> **REQUIREMENT**:
Please repeat the lines below, exactly and only, from the one that holds "LOVE THIS! Grimm's" through the one that holds "99 new ]Goyard".
━━━ SOURCE DATA ━━━
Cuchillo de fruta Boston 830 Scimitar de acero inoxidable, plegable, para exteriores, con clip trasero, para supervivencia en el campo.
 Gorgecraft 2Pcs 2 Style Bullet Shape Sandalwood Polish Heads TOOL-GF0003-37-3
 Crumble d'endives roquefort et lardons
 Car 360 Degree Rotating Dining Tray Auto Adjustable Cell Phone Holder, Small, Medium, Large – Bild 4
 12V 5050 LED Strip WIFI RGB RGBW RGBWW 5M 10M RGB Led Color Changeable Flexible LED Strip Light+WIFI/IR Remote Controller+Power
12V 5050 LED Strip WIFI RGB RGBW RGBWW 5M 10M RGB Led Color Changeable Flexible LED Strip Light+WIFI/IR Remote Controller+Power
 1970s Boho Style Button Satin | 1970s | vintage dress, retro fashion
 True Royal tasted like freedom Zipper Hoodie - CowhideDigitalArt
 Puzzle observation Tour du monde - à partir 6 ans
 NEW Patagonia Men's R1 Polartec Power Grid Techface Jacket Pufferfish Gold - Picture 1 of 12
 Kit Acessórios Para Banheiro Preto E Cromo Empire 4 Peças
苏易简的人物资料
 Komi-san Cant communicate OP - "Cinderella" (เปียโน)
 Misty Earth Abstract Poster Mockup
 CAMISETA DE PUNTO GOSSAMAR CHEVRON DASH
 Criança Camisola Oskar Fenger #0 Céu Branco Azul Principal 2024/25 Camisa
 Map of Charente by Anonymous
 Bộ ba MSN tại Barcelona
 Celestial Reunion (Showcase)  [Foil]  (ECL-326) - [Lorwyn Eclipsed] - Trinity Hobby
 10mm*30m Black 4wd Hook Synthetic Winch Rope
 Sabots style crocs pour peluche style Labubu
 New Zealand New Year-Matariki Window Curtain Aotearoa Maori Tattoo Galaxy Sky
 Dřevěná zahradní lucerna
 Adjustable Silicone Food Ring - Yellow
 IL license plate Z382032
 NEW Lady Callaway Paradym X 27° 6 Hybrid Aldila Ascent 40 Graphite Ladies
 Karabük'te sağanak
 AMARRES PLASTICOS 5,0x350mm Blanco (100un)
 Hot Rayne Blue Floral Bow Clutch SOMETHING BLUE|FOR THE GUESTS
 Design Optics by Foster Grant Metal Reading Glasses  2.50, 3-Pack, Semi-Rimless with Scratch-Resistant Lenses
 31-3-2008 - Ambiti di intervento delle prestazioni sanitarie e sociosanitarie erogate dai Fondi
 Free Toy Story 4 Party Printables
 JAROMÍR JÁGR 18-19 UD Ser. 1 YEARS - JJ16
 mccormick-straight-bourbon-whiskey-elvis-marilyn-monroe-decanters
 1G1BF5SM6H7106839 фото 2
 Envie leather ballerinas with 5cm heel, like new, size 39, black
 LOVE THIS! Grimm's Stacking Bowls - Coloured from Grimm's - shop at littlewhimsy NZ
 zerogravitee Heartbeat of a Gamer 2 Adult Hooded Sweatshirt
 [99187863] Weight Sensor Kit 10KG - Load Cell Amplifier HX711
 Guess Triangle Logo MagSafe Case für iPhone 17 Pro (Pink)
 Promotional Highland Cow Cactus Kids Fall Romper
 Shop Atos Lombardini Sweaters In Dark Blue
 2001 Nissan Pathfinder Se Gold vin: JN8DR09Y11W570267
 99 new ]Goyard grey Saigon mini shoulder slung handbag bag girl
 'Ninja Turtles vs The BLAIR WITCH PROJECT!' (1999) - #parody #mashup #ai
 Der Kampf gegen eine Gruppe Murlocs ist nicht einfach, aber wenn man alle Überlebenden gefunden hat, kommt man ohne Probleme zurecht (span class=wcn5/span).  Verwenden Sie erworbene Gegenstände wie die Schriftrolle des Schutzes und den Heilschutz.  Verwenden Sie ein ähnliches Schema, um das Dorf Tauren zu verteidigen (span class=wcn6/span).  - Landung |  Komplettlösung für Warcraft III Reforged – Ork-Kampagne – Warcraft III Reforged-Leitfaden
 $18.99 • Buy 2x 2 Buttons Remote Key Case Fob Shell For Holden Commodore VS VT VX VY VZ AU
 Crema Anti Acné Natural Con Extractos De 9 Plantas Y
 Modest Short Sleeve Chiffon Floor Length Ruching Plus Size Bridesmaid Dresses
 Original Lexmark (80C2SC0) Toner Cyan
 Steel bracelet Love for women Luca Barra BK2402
━━━
> **ANSWER TO THIS PROBLEM**:
 LOVE THIS! Grimm's Stacking Bowls - Coloured from Grimm's - shop at littlewhimsy NZ
 zerogravitee Heartbeat of a Gamer 2 Adult Hooded Sweatshirt
 [99187863] Weight Sensor Kit 10KG - Load Cell Amplifier HX711
 Guess Triangle Logo MagSafe Case für iPhone 17 Pro (Pink)
 Promotional Highland Cow Cactus Kids Fall Romper
 Shop Atos Lombardini Sweaters In Dark Blue
 2001 Nissan Pathfinder Se Gold vin: JN8DR09Y11W570267
 99 new ]Goyard grey Saigon mini shoulder slung handbag bag girl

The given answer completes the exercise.